Provided data section start
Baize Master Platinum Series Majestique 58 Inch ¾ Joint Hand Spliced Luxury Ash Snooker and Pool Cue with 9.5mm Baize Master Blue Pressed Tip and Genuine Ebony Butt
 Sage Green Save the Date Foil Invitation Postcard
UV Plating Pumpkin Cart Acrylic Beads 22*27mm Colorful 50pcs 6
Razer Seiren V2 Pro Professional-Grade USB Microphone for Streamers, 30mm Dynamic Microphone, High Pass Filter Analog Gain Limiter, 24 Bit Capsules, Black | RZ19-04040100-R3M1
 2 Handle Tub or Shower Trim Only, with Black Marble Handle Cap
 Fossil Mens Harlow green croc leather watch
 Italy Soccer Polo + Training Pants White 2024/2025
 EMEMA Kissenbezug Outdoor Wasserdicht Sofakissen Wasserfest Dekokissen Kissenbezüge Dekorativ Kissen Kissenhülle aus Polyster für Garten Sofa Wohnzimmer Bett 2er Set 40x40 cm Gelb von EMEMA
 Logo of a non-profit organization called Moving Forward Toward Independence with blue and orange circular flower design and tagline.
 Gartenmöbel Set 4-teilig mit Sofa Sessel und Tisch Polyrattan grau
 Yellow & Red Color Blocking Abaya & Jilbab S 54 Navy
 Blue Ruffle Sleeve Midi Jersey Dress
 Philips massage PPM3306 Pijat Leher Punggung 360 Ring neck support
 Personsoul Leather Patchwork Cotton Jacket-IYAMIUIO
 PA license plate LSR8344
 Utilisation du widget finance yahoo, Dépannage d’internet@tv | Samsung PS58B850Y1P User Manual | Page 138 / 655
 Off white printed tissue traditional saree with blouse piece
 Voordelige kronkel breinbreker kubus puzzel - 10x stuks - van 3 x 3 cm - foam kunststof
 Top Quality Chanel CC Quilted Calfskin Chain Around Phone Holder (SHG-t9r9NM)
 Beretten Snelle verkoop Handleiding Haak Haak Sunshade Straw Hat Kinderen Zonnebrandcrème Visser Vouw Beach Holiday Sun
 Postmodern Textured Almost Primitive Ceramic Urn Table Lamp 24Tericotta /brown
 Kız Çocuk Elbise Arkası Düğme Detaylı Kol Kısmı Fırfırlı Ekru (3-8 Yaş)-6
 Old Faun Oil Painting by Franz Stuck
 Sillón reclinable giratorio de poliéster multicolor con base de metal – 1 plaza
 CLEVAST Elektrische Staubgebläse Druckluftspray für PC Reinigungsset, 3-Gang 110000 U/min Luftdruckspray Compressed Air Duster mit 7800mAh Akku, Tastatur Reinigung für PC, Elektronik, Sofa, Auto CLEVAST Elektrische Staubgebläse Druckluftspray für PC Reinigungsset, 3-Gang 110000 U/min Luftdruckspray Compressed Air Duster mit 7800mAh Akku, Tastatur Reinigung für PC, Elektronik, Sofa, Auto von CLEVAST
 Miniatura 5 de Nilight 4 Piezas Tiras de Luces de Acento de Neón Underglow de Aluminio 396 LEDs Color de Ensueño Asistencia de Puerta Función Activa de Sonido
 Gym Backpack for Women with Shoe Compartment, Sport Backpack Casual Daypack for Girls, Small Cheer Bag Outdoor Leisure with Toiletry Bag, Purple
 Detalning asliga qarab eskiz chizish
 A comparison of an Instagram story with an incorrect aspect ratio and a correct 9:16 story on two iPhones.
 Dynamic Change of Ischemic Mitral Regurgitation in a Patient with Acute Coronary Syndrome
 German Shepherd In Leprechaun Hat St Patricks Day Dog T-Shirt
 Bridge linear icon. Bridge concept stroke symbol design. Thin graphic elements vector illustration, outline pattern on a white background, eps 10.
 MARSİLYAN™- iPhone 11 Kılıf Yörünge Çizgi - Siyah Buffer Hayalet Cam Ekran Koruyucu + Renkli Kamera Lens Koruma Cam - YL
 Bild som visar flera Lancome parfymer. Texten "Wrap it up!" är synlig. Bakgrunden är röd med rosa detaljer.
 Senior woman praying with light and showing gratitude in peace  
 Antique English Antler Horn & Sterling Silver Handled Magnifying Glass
Provided data section end
Work instructions: In the listing above, find the line with "Sage Green Save" and the line with "EMEMA Kissenbezug Outdoor", then reproduce both and every line between them exactly.

Exercise result:
 Sage Green Save the Date Foil Invitation Postcard
UV Plating Pumpkin Cart Acrylic Beads 22*27mm Colorful 50pcs 6
Razer Seiren V2 Pro Professional-Grade USB Microphone for Streamers, 30mm Dynamic Microphone, High Pass Filter Analog Gain Limiter, 24 Bit Capsules, Black | RZ19-04040100-R3M1
 2 Handle Tub or Shower Trim Only, with Black Marble Handle Cap
 Fossil Mens Harlow green croc leather watch
 Italy Soccer Polo + Training Pants White 2024/2025
 EMEMA Kissenbezug Outdoor Wasserdicht Sofakissen Wasserfest Dekokissen Kissenbezüge Dekorativ Kissen Kissenhülle aus Polyster für Garten Sofa Wohnzimmer Bett 2er Set 40x40 cm Gelb von EMEMA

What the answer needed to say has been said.